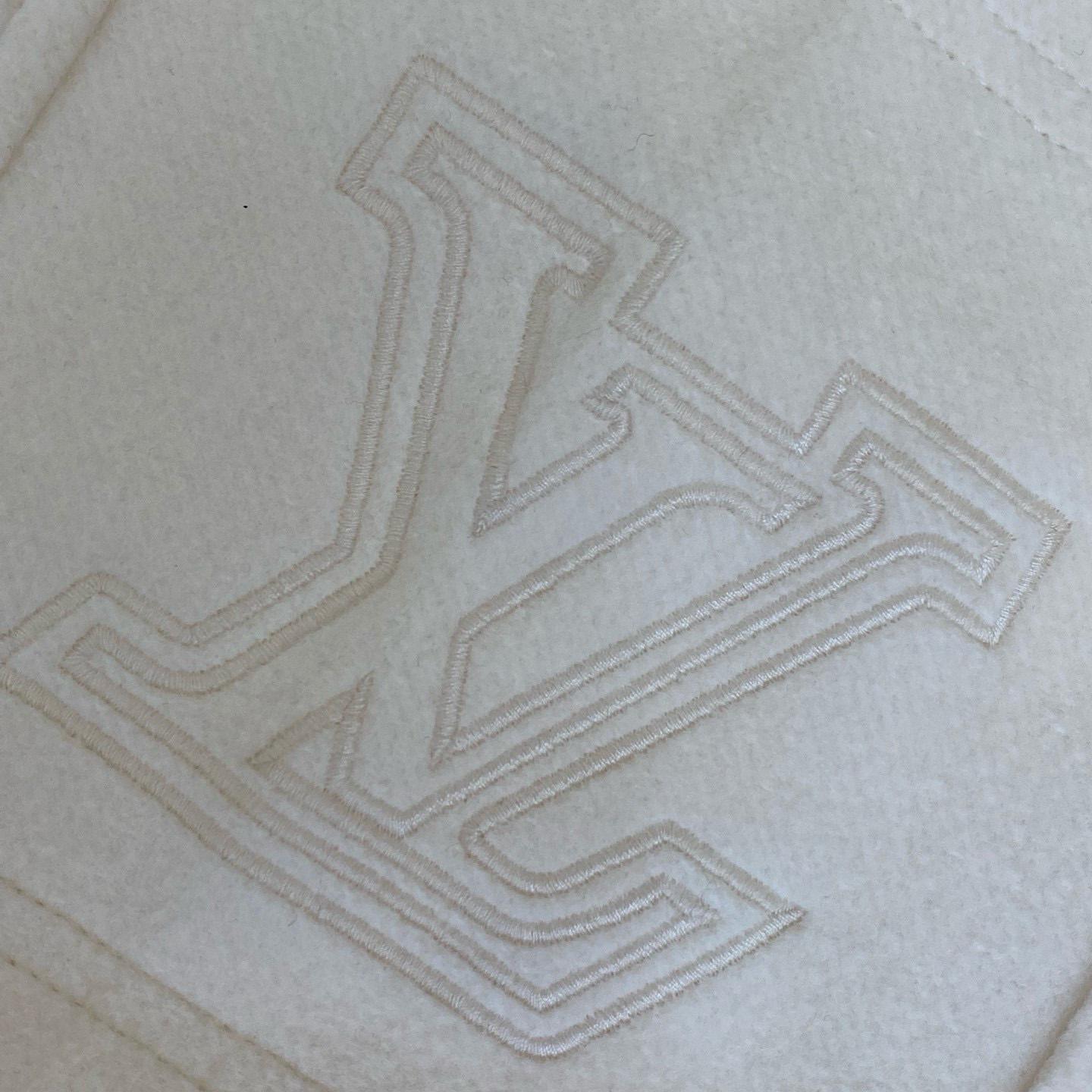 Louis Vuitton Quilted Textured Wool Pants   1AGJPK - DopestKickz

* * *

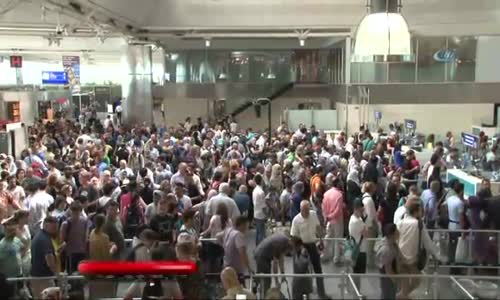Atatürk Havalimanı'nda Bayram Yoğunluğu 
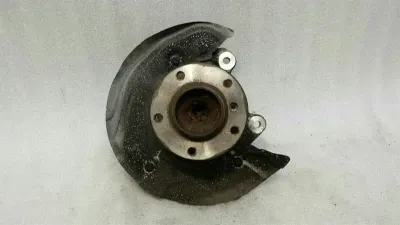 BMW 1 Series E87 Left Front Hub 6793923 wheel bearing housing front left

* * *

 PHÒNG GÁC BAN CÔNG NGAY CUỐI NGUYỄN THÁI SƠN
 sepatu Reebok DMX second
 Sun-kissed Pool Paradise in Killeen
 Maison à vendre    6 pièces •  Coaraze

### What the task asks
Copy the lines of the data above exactly as written, beginning with the line containing "PHÒNG GÁC BAN CÔNG NGAY CUỐI NGUYỄN THÁI SƠN" and ending with the line containing "Maison à vendre", and leave out all other lines.

### Response area
 PHÒNG GÁC BAN CÔNG NGAY CUỐI NGUYỄN THÁI SƠN
 sepatu Reebok DMX second
 Sun-kissed Pool Paradise in Killeen
 Maison à vendre    6 pièces •  Coaraze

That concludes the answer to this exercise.